* _INSTRUCTIONS TO FOLLOW_: Transcribe the entries exactly as they stand below, passing over any picture.

----------------

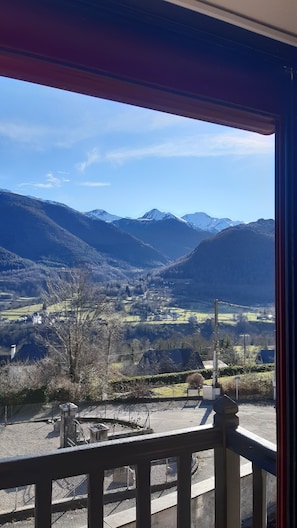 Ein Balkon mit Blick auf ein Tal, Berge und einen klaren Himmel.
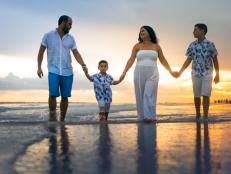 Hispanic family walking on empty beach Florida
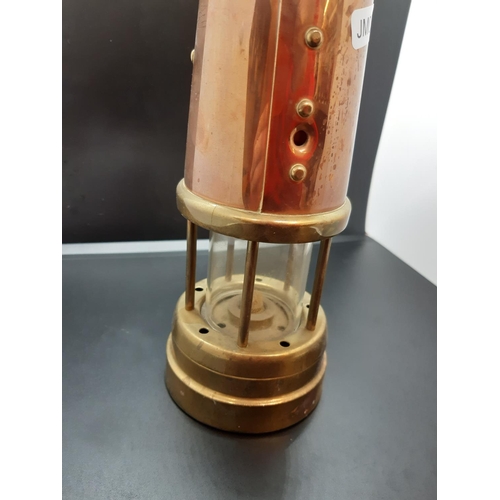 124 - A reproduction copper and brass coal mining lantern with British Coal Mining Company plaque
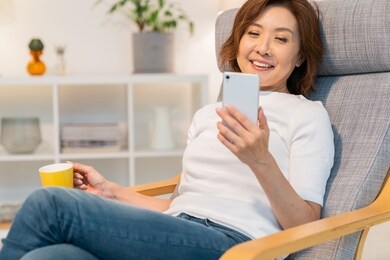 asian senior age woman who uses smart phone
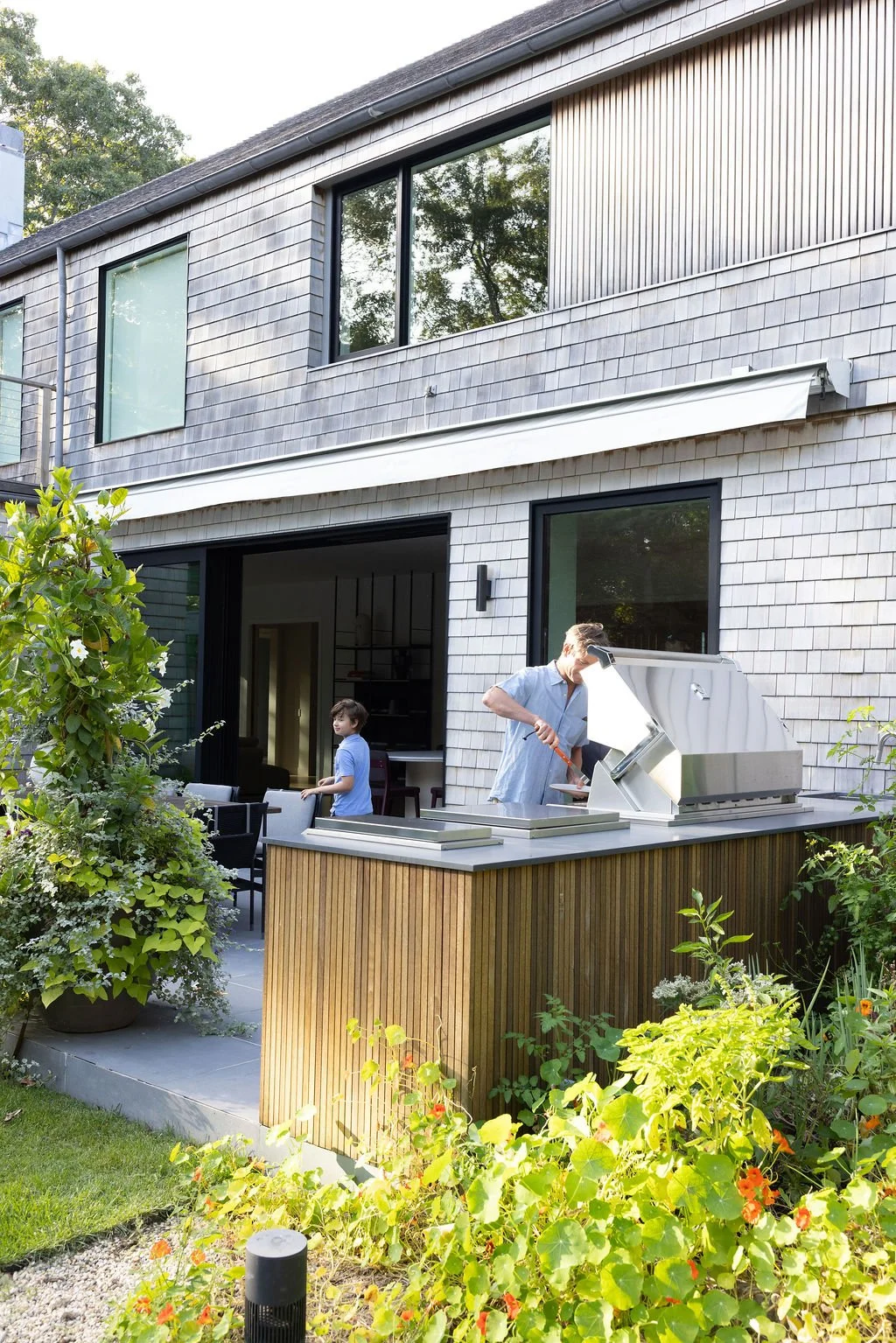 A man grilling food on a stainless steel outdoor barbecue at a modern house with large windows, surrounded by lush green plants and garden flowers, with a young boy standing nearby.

----------------

* _SOLUTION_:
 Ein Balkon mit Blick auf ein Tal, Berge und einen klaren Himmel.
 Hispanic family walking on empty beach Florida
 124 - A reproduction copper and brass coal mining lantern with British Coal Mining Company plaque
 asian senior age woman who uses smart phone
 A man grilling food on a stainless steel outdoor barbecue at a modern house with large windows, surrounded by lush green plants and garden flowers, with a young boy standing nearby.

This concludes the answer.